ACTIVITY: Retype the material that follows exactly, limited to the lines from the one with "The Rosetta Stone and" through the one with "I'm going to", and keep out all pictures.

RECORDS SHOWN:
╭──
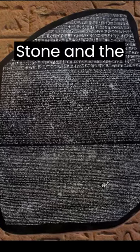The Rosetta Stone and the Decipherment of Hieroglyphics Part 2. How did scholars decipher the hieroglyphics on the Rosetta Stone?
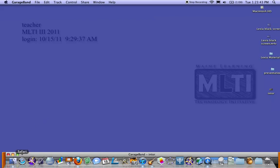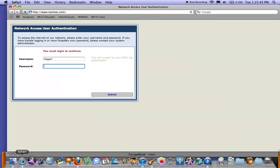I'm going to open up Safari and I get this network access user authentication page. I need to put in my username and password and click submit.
╰──
╭──
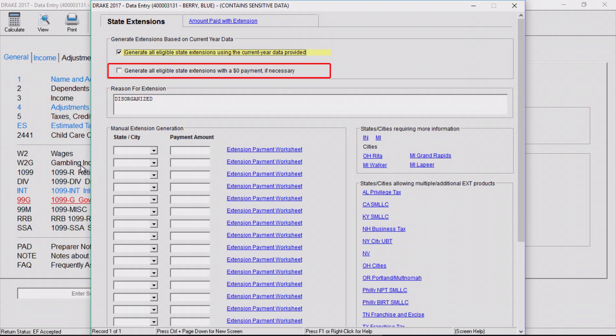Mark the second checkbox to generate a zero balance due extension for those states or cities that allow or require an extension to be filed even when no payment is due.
╰──
╭──
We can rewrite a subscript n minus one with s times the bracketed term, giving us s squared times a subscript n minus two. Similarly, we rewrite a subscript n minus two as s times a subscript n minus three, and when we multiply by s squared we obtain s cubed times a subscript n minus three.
╰──
RESPONSE:
The Rosetta Stone and the Decipherment of Hieroglyphics Part 2. How did scholars decipher the hieroglyphics on the Rosetta Stone?
I'm going to open up Safari and I get this network access user authentication page. I need to put in my username and password and click submit.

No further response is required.